The female inebriate posed a particular dilemma for society: the weakness of the will in women, it was argued, had a direct impact on the next generation

Esther Warden was described in court in 1912 as “a dangerous woman” and “an incorrigible nuisance”. By 1939, when she was in her late sixties, Esther had notched up over 200 criminal convictions, mostly for drunkenness and being an idle and disorderly public nuisance.

In Fremantle, she was one of the most notorious criminals of the early twentieth-century and known as the “terror” of the West End. Western Australia’s Police Act had been enacted in the late nineteenth-century as a means to monitor and punish criminal behaviour — mainly such offences against good order as drunkenness, vagrancy and loitering.
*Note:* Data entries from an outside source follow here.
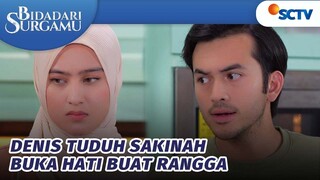 Wadaw! Denis Tuduh Sakinah Buka Hati ke Rangga | Bidadari Surgamu - Episode 242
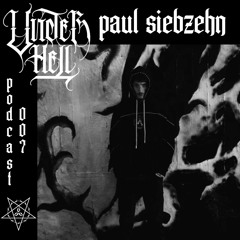 UNDER HELL PODCAST007 - PAUL SIEBZEHN
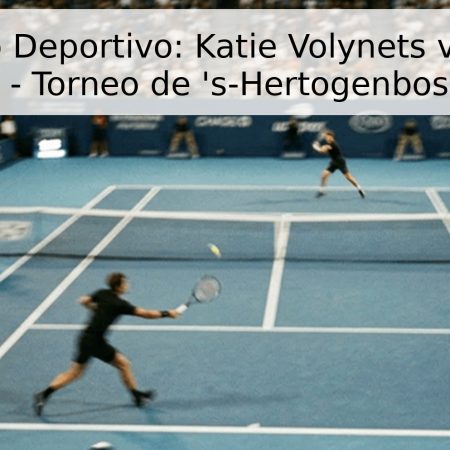 Pronóstico Deportivo: Katie Volynets vs. Zeynep Sonmez – Torneo de ‘s-Hertogenbosch 2026
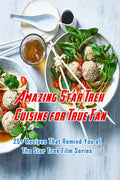 Amazing Star Trek Cuisine for True Fan: 25+ Recipes That Remind You of The Star Trek Film Series: Star Trek Cookbook - Paperback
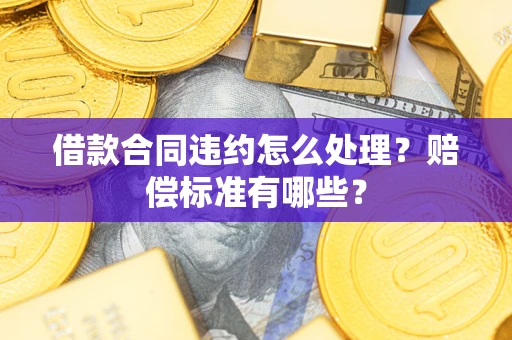 济南借款合同违约怎么处理？赔偿标准有哪些？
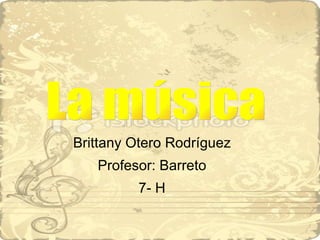 Brittany Otero Rodríguez Profesor: Barreto 7- H La música 
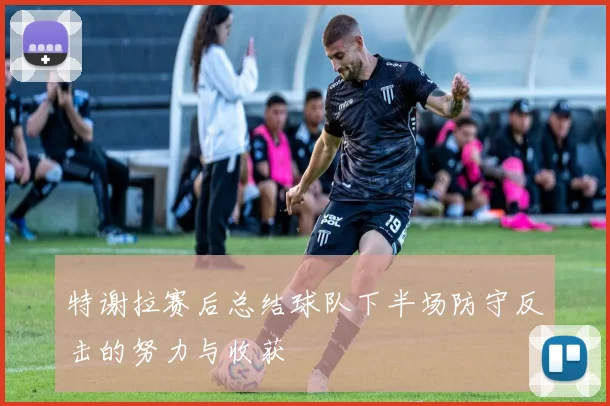 特谢拉赛后总结球队下半场防守反击的努力与收获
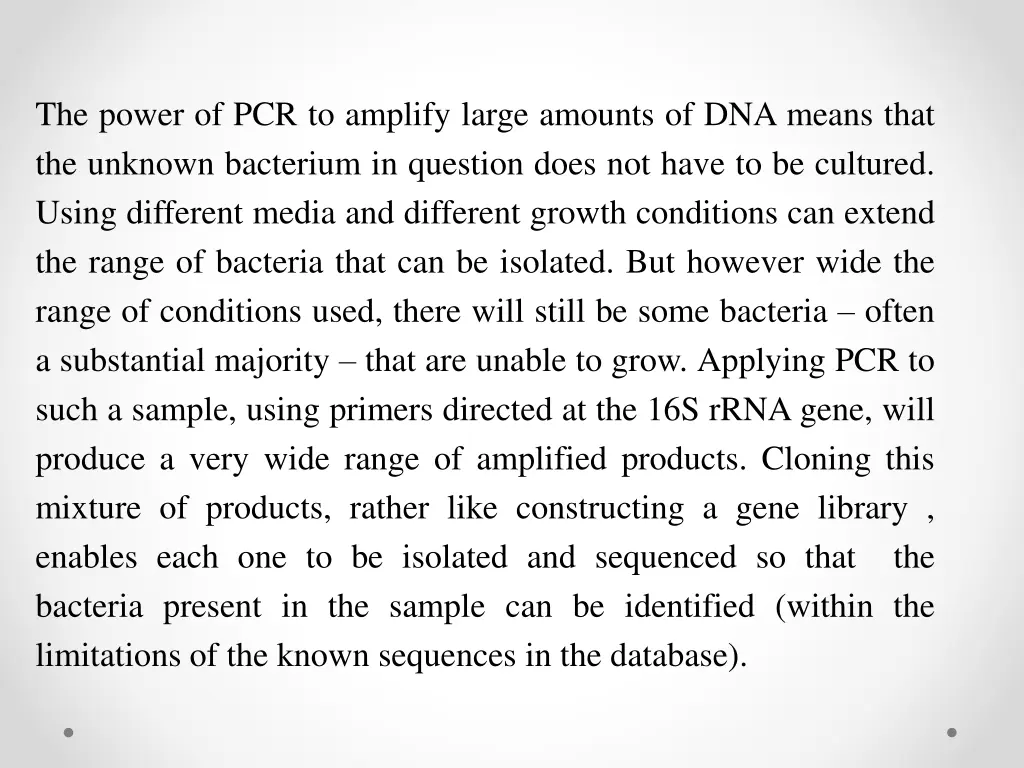 the power of pcr to amplify large amounts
But it was also used to control female behaviour.

The feminine ideal in the British world was then of a passive, chaste and moral woman who best contributed to society through respectable paid work or by upholding a domestic identity as a good wife and mother. Women who did not conform to this idea faced being outcast from society through convictions for good order offences.

When Perth’s Magistrate Augustus Roe sent Clara Bull to the Salvation Army Home in 1902, he told her it was a “chance to be a better woman”. His words, therefore, echoed the dominant public discourse about women who were charged with offences against good order. While they had committed crimes, their greatest offence was considered to be their failure to meet social expectations.

Beyond the local Fremantle context, drunken, loitering, vagrant and disorderly women were also outcasts of the British Empire. As the newly federated nation of Australia sought to embrace an imperial vision of order and moral citizenship, women who offended the good order were in direct conflict with expectations of femininity for British women.

Anxieties about the moral fibre of the empire placed greater emphasis on female service and duty and the moral role of white women in settler-societies like Australia. The deviant lives of criminal women in Fremantle reveal public battles with moral decency based on a public discourse enabling gendered experiences of crime.

Female offenders, knowingly or unknowingly, re-shaped the streets into sites of conflict as they contested accepted ideals of British femininity and constructions of “good” Christian women, often detailed in court proceedings. The female inebriate and street prostitute provide important insights into a public discourse constructed around good order offences as representing, for women, a “fall” from femininity.

Respectable and deviant femininities were closely monitored and regulated in public from the first years of colonisation in Australia and influenced by trends in Britain. As Penny Russell has shown, British manners were adapted into Australian colonial society to provide stability in a foreign environment.

Social codes “defined the proper young woman as a frail but appealing, intellectually inferior but morally superior being, whose duty it was to be passive, decorative and sexually pure”. According to Jill Matthews, Australian women were expected to live up to particular ways of being, from speech and appearance to behaviour and thoughts that signified a woman’s place within the gender order and power relations. This regulation of female behaviours aimed to limit any deviance.

Discourse on female behaviour in Australia by the early twentieth-century placed greater emphasis on female service and duty and the moral role of white women in settler societies. Women were depicted as upholders of welfare, development and domesticity within the nation, commonwealth and empire.

The dominance of “an ideology of maternalistic and reforming feminism” emphasised women’s moral superiority in the lead up to federation and in the first decades of the twentieth-century. In Australia, citizenship (of the nation and the empire) was constructed closely around distinct gender orders and respectable femininities.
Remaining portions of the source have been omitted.